Last December during our company's charity auction, I contributed almost $1K to my favorite charity -- Read to a Child -- for the right to run @HubSpot for a day. This was one of the hottest items at the auction, and I was determined to get it for a couple reasons:
One was to increase the visibility of HubSpot’s growing enterprise business -- our marketing has been perceived for so long as software for SMBs that I felt it was important to shine a light on our enterprise solutions. And second, as a sales leader, I wanted to "walk the talk” of the growing importance of using social as key selling tool.
When I took over @HubSpot on Monday, I didn’t really know what to expect, other than followers might get my handle @pjharrell confused with famous musician and shorts-wearer Pharrell Williams (@pharrell). (Which is exactly what happened, so I just went with it.)
So in the spirit of continuing to play on the Pharrell theme, I thought I’d use the words from his latest hit song “Happy” to help me explain what I learned from the experience of running @HubSpot.
"Give Me All You Got and Don’t Hold it Back"
Overall, I didn’t get any guidelines from HubSpot about how to run @HubSpot, other than to use good judgment. I was actually told "don’t hold back," which is interesting, since many companies would recoil at the thought of allowing anyone other than their social media manager run their company’s Twitter account.
But HubSpot promotes this kind of trust and transparency in its culture and in my opinion this kind of trust is required for companies to fully capitalize on the new tools that are altering the marketing landscape. This requires a wholesale change in thinking, particularly within enterprises, which have established, more traditional command and control structures for communication to their key constituents.
"Might Seem Crazy What I’m ‘Bout to Say”
Being able to run @HubSpot for a day gave me the sense that I had a ton of power, and I must admit at first I was a bit nervous about putting my foot in my mouth in front of 373k followers. But as I started to reply to tweets, I realized that this interacting on Twitter was really similar to having the types of conversations that I have every day in the offline world -- just that you have 373k people listening.
It became apparent to me that people want to connect, interact, and banter -- and Twitter is a broad platform to facilitate these types of engagements.
"Here Comes Bad News Talking This and That”
You have to be really organized to use Twitter effectively for a large campaign. You want to keep up with replying to tweets and thank folks for their RTs and favorites, but doing that alongside posting content and having conversations, it gets difficult to keep up with. So scheduling key pieces of content beforehand is definitely critical.
HubSpot’s Social Inbox tool made that a lot easier for me -- and it was crazy easy to use. I spaced out my tweets in advance at about 1-hour intervals. And it was really easy to monitor the responses to my tweets, and then respond -- which is particularly important if any service-related tweets come through.
To me, interacting with our followers on Twitter felt very similar to interacting via email, and my thinking is that over time, this type of social interaction will overtake email as the primary communication tool.
It was also very powerful to be able to analyze and report on the impact each tweet had on driving engagement.

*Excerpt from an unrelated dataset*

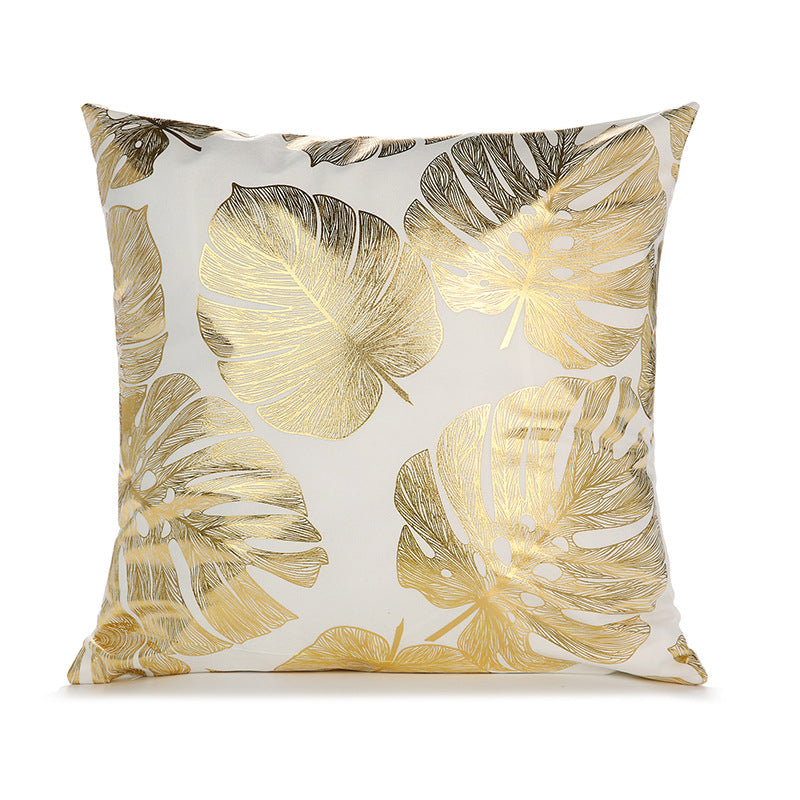Sofa cushion cover bronzing waist pillowcase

Most enterprises struggle to tie social investments to the bottom line, and the kinds of report offered in HubSpot can help build support for social media investments.
"Clap Along If You Feel Like That’s What You Want to Do”
I learned that you don’t always get a lot clicks relative to # of followers you have. So it's not about the size of the following -- but the level of engagement that you have with your audience.
By tagging my content as “Enterprise” in my tweets, I signaled to many of HubSpot’s SMB followers that the content was not for them, so many of the people that I engaged were types of targeted Enterprises that I was trying to reach with our message. But that didn't mean others weren't interested in the content, too, and there was still engagement with other audiences along the way.
The time of day for your message is important to consider, as well. A couple of posts targeted for CEOs did extremely well at 9 and 10 p.m., since many CEOs are swamped on Monday morning with meetings and email catch-up, and only get a chance to breathe and read later in the evening once their day is done.
The bottom line is that if you produce quality content, your followers will share your story, which is so powerful. I was struck by how willing @HubSpot followers were to share our content with their followers and to favorite stuff they liked.
“Sunshine She’s Here, You Can Take a Break”
I thoroughly enjoyed running @HubSpot. It was fun to engage and banter with followers, and to feel like I was increasing awareness of HubSpot’s enterprise software solutions. We actually have over 1000 enterprise customers, but before Monday, it was HubSpot’s best kept secret. With the help of @HubSpot, we let the cat out of the bag -- and I got to tell you I’m very “Happy” about it.